What makes Cucuruz Doan’s Island much more rewarding is coming into it already having experienced Amuro’s story across the original anime and beyond it in follow ups like Zeta Gundam and Char’s Counterattack. A Gundam diehard already knows the story of its adaptation, and knows that this is an Amuro that we are encountering still early in his own story, not quite the man he would become by the end of the original show. So seeing his reactions to a Zeon deserter, getting to understand the humanity of a man who, at some point, would’ve been an enemy to be blinked out in an instant as Amuro does without hesitation to his foes in the back half of film, are enriched by knowing just how fundamental the lessons the young man learns here are to understanding his whole journey. Seeing him face pilots far more experienced than he would be at this point, and overcome them, speaks to his eventual skill and his blossoming as one of the series’ fabled “Newtypes.”

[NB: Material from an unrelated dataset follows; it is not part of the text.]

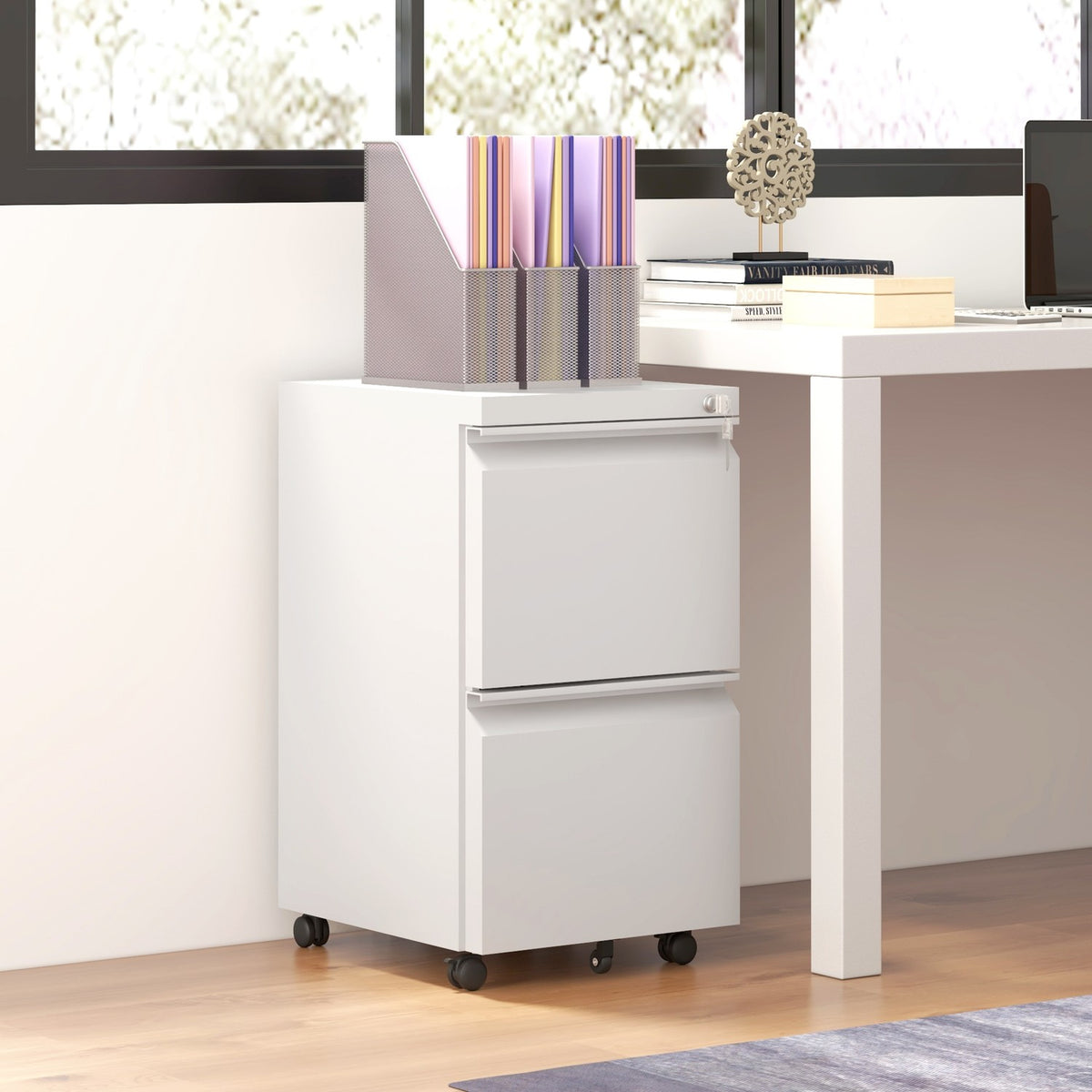 Rolling Container Filing Cabinet 2 Drawers Office Container Lockable Standing Container Office Cabinet A4 Format Steel White 37X43.5X67.5Cm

Curucuz Doan’s Island isn’t the kind of fanservice that points at the Gundam, nudges you, and yells “look! It’s Gundam!” But it’s a fanservice that allows the people who already love its story to feel like that love will let them enrich and better appreciate this newly polished chapter of it. And it’s that which makes it worth seeing, even with all its pacing issues and its otherwise peculiar tale. If you’re a Gundam neophyte, there are certainly things to enjoy, but this is a movie for the fans of Gundam’s earliest years, for better or worse—and for them at least, it’s definitely going to be for the better.
Mobile Suit Gundam: Cucuruz Doan’s Island will release in both dubbed and subtitled formats in the UK on September 21 and 22, in the U.S. on September 27 and 28, and Canada on September 29 and October 1, and will also release for a special one-week run in Australia starting September 29.